Will you output the entries below exactly, skipping every image they contain?

##### Extracted records

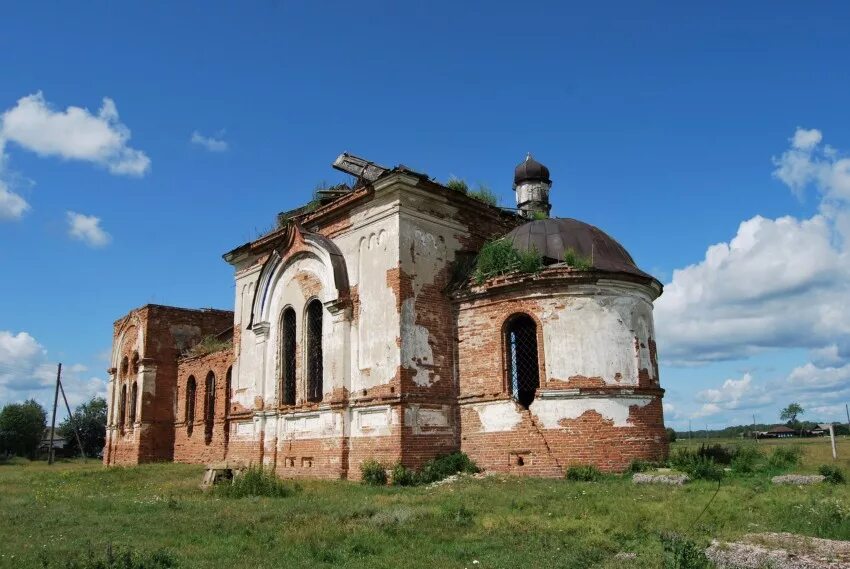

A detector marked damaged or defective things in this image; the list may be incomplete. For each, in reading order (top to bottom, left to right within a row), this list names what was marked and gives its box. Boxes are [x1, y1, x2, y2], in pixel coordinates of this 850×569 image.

rusted metal dome [510, 153, 548, 189]
rusted metal dome [504, 216, 648, 278]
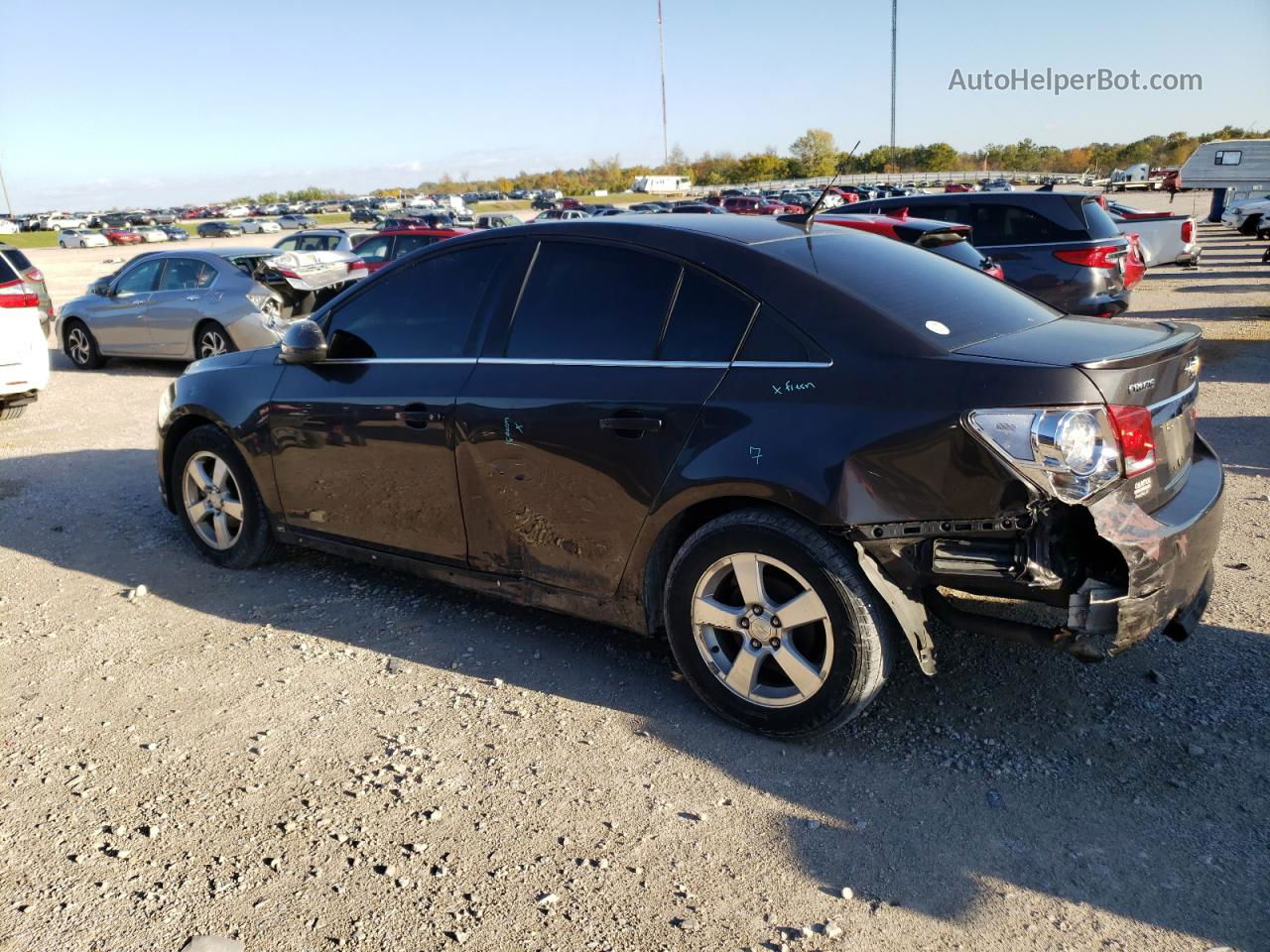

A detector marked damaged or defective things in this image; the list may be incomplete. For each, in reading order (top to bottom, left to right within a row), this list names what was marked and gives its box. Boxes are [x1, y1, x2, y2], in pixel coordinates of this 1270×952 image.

damaged vehicle [57, 247, 365, 367]
damaged vehicle [154, 216, 1222, 738]
rear collision damage [849, 319, 1214, 670]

##########

- **Finished task**
A detector marked damaged or defective things in this image; the list may be incomplete. For each, in reading order (top to bottom, left to right within a row), this list names what was marked and gives its box. Boxes are [x1, y1, x2, y2], in pixel coordinates of this 850×569 image.

rusted metal dome [510, 153, 548, 189]
rusted metal dome [504, 216, 648, 278]

A detector marked damaged or defective things in this image; the list may be incomplete. For each, in reading order (top to bottom, left to right within a row), this list names what was marked and gives its box. Boxes are [x1, y1, x2, y2], in pixel coordinates of this 1270×952 image.

damaged vehicle [57, 247, 365, 367]
damaged vehicle [154, 216, 1222, 738]
rear collision damage [849, 319, 1214, 670]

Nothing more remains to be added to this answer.